People already had plans related to the bicycle race, so the train handed out buy-one, get-one-free coupons to entice visitors to come back to Durango sometime during the next year, she said.
Durango Coffee Co. had lines out the door on Monday (“I’ve never sold so many breakfast burritos,” owner Tim Wheeler said). But Wheeler said Friday and Saturday sales were even or slightly down from the same weekend the year before.
Regardless of sales numbers, Wheeler and other business owners emphasized their enthusiasm for the event.
“It added a tremendous amount of excitement to the town,” Wheeler said.
Money in, money out
Months before the USA Pro Challenge rolled through town, the city of Durango was well aware of the thousands of dollars and hundreds of volunteer hours required to host the starting phase of the race. A sponsorship committee rounded up almost $340,000 in sponsorships, and La Plata County pitched in $25,000. The city made a direct contribution of $50,000, but budgeted about $560,000 total for the race to cover costs like road repairs, new paint and general city spruce-ups. The Durango Area Tourism Office spent about $6,500 on social media and a commercial, and put hours of staff members’ time into running booths, making media bags and general race organization, interim director Susan Lander said.
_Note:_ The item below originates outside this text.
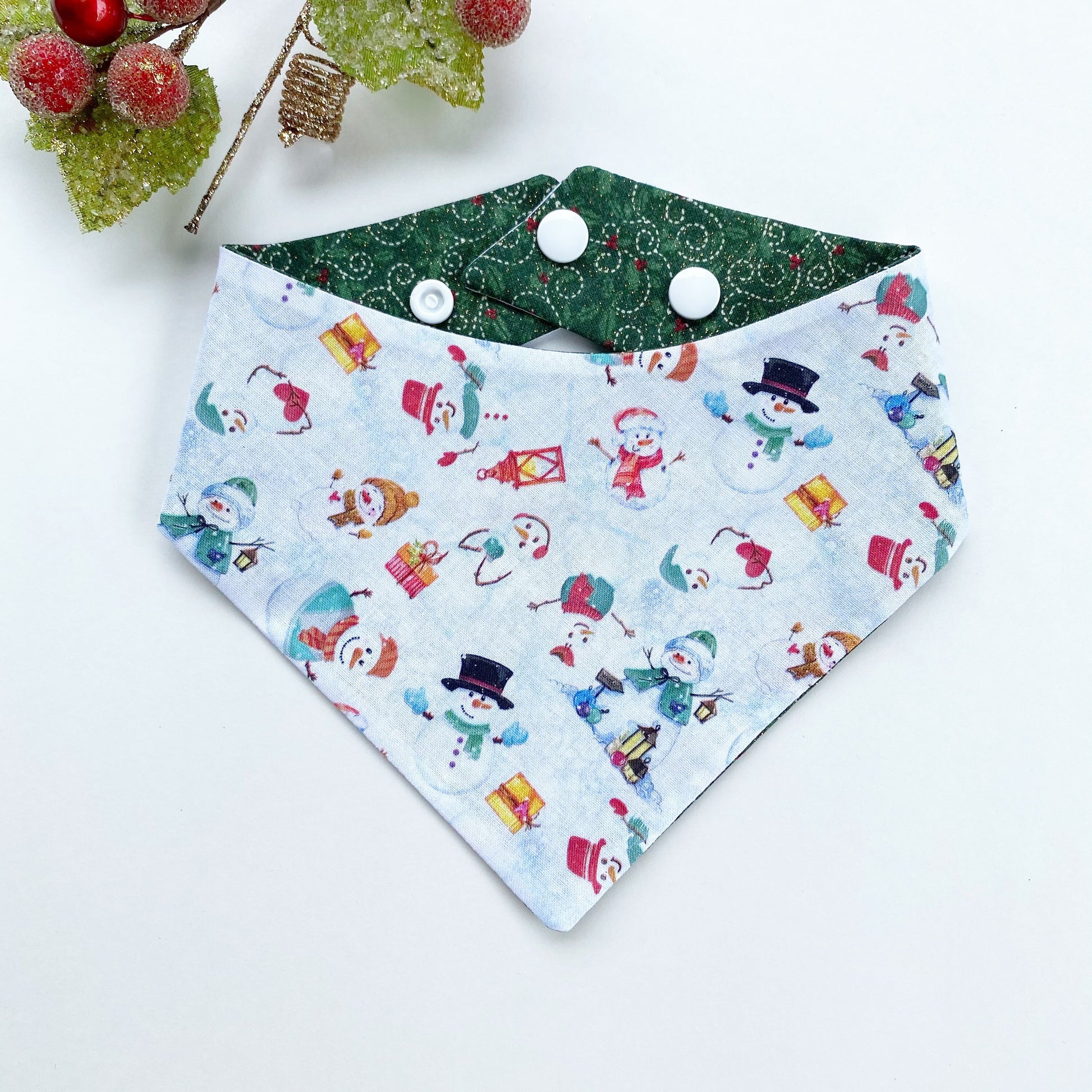 Christmas Dog Bandana, Snowman Print, Snap-On Pet Bandana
Local governments hoped the race would spur enough of an increase in sales and lodgers tax revenue that it would make up for those up-front costs. While those numbers won’t be available for another month, some were skeptical.
“It’s hard to imagine that there was enough extra business (about $7 million in sales) in town to replace the half-million spent on preparing for the race,” High Country News Senior Editor Jonathan Thompson wrote on the magazine’s blog.
Other local residents, including several Durango Herald readers, urged a critical look at the city’s investment in the race versus the measurable payback.
“The city should analyze what kind of money they put into the event,” Kiesel said.
It is “no excuse not to snowplow” this winter because Durango “put $500,000 into the Pro Challenge,” he jokingly warned.